** Opening Supplied material block **

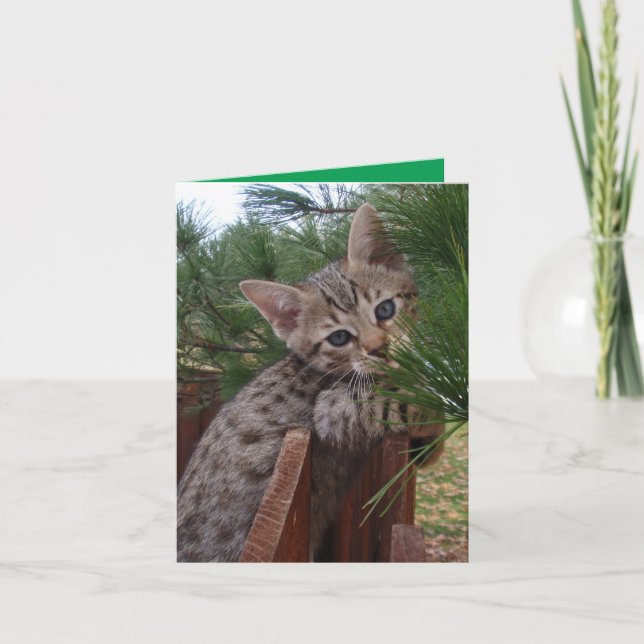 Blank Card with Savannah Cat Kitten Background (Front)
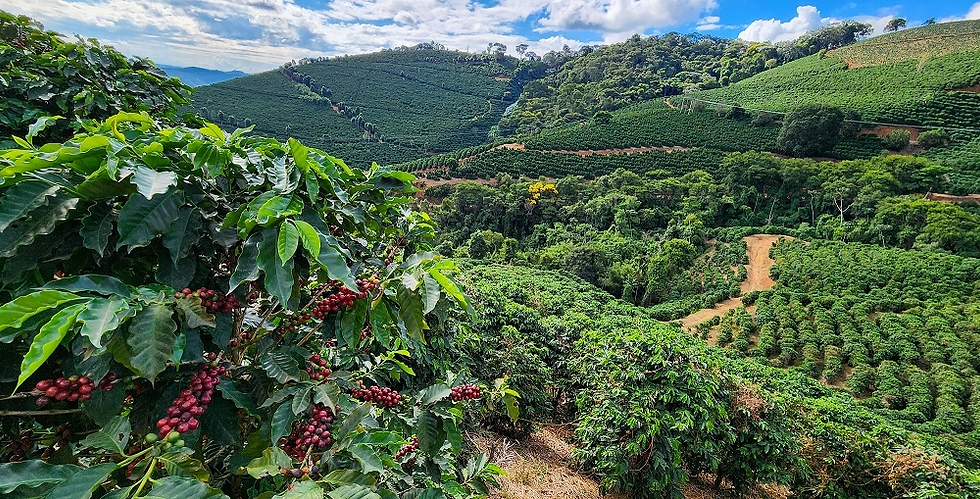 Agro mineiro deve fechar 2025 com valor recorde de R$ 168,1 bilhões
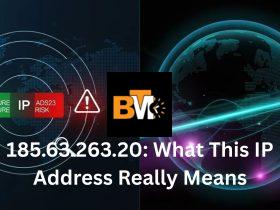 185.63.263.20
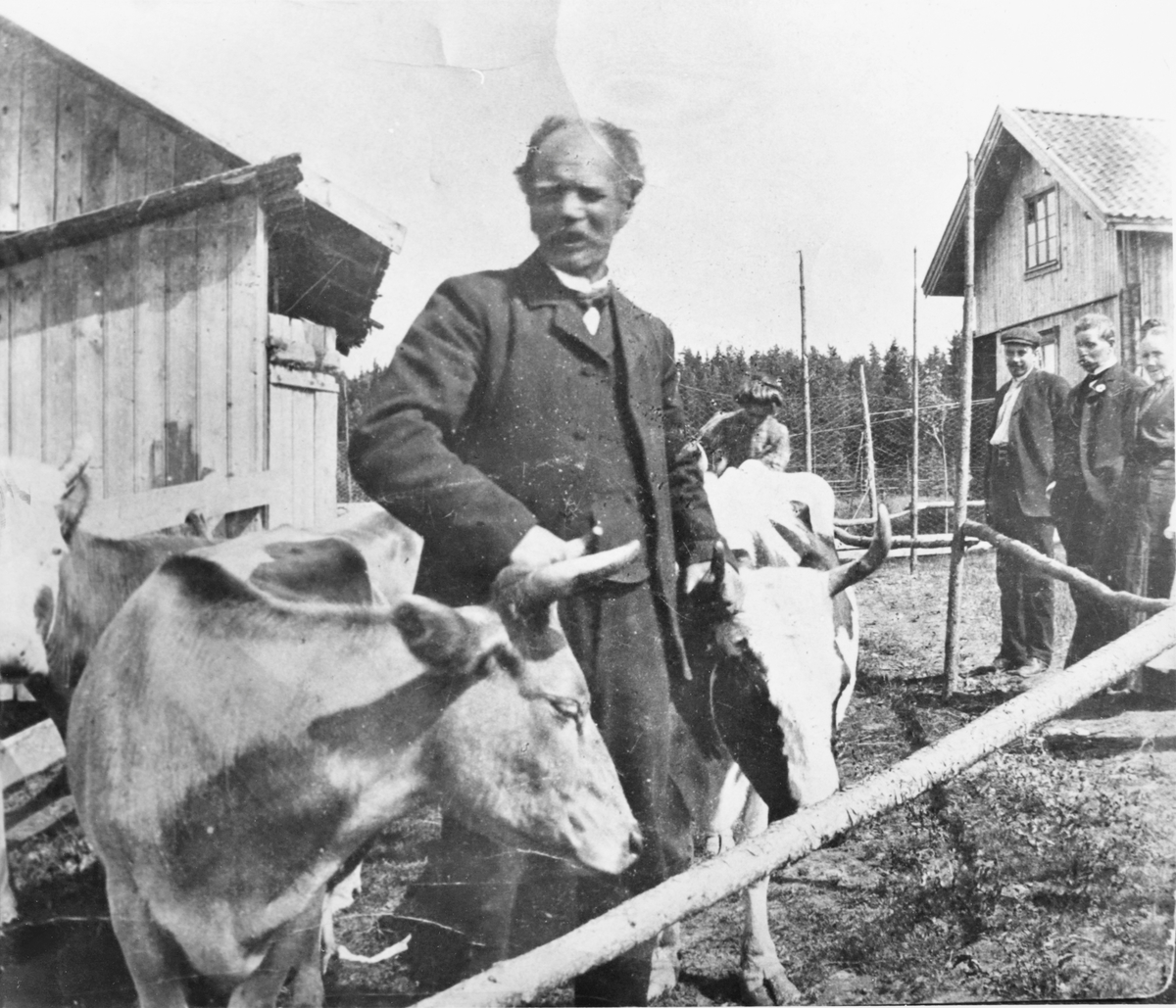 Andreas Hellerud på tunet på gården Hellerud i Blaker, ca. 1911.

** Closing Supplied material block **

Exercise directions –
Please restate the data word for word, leaving out any picture it holds.

Written response –
 Blank Card with Savannah Cat Kitten Background (Front)
 Agro mineiro deve fechar 2025 com valor recorde de R$ 168,1 bilhões
 185.63.263.20
 Andreas Hellerud på tunet på gården Hellerud i Blaker, ca. 1911.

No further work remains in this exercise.